Background & Motivation

Background: Small Object Detection (SOD) is critical in scenarios such as anti-UAV defense. However, traditional frame-based cameras are limited by frame rates of 30–60 Hz and a dynamic range of approximately 60 dB, leading to motion blur and loss of temporal information when capturing high-speed small objects. Event cameras record brightness changes asynchronously per pixel with a temporal resolution up to \(10^6\) Hz, a dynamic range of 120 dB, and low data redundancy, making them naturally suited for high-speed dynamic perception. The current mainstream for event-based SOD treats the event stream as a spatio-temporal point cloud \((x, y, t, p)\) and utilizes sparse convolutions for per-event semantic segmentation to extract targets.

Limitations of Prior Work: Converting event streams into dense frames or voxel grids destroys the inherent sparsity and microsecond-level temporal precision of events, while introducing motion blur and static background redundancy. Although point-cloud-based methods preserve sparsity, they only perform local neighborhood feature aggregation, capturing short-range patterns while ignoring the global trajectory structure of object motion. Consequently, detected trajectories are often fragmented, leading to frequent missed detections during target turns or occlusions, resulting in temporal inconsistency.

Key Challenge: The appearance cues of small objects are extremely weak (most are smaller than \(32\times32\) pixels), and their motion trajectories are non-linear and asynchronous. Relying solely on local features makes it impossible to distinguish between "continuous trajectories of real targets" and "randomly scattered background noise." While they appear similar at the pixel level, they differ fundamentally in their topological structure.

Key Insight: Through analysis using persistent homology, the authors found that target trajectories in event point clouds are continuous curves corresponding to sparse persistent \(H_0\) features (connected components) and near-zero \(H_1\) features (loops). In contrast, discrete and unstructured background noise corresponds to dense \(H_0\) features and a large number of spurious persistent \(H_1\) loops. That is, the connectivity of the trajectory itself is a quantifiable structural signal that can distinguish targets from noise.

Core Idea: Integrate topological constraints into both the network architecture and the loss function. The architecture uses attention mechanisms to implicitly preserve connectivity (avoiding the high cost of direct persistent homology calculation), while the loss function uses persistent homology to explicitly penalize fractures and spurious loops, forcing the network to output continuous and complete trajectories.

Method

Overall Architecture

SpTopoNet receives the raw event point cloud and outputs a binary classification (target/non-target) for each event. The task follows the definition of event segmentation: the event set \(E = E_T \cup E_B \cup E_N\) is divided into target events \(E_T\) (spatio-temporal continuous trajectories), background events \(E_B\) (static background or camera motion), and noise \(E_N\) (randomly scattered). The goal is to extract \(E_T\) from the raw stream.

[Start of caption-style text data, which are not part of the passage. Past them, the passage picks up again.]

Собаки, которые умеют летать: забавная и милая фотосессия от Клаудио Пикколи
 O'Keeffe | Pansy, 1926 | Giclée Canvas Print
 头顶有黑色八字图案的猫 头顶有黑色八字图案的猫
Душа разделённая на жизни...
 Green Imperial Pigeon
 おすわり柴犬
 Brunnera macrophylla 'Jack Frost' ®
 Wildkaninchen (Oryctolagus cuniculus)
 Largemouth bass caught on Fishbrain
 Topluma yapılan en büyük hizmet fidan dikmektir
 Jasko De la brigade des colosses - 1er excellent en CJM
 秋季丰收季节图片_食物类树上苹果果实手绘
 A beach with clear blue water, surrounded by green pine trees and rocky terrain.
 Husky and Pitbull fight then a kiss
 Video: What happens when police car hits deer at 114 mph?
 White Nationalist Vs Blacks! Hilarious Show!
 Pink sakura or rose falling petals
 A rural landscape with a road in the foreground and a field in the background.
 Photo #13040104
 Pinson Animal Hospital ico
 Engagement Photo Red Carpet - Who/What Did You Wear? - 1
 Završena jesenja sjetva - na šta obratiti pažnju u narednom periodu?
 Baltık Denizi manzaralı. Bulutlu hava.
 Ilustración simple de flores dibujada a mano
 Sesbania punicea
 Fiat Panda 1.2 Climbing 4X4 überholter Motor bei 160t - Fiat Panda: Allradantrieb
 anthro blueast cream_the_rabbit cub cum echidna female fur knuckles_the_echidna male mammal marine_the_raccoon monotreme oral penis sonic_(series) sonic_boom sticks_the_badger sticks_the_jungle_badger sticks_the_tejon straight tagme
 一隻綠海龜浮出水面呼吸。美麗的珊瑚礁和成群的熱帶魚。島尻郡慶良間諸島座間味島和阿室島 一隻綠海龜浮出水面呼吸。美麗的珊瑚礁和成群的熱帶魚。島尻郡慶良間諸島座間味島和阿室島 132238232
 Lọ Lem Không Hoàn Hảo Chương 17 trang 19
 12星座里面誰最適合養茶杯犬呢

The entire network follows an encoder-decoder paradigm. The core consists of two parts: first, the insertion of Topological Learning Modules (TLM) across encoder layers to preserve connectivity at local scales using edge-weight attention; second, the use of a Spatial Consistency Module (SCM) for global context aggregation to reinforce long-range trajectory coherence. Since direct calculation of persistent homology within the network is computationally expensive, the authors only include persistent homology in the loss function (EvTopoLoss). Internally, the network "translates" topology into efficient graph and spatial attention to ensure real-time inference.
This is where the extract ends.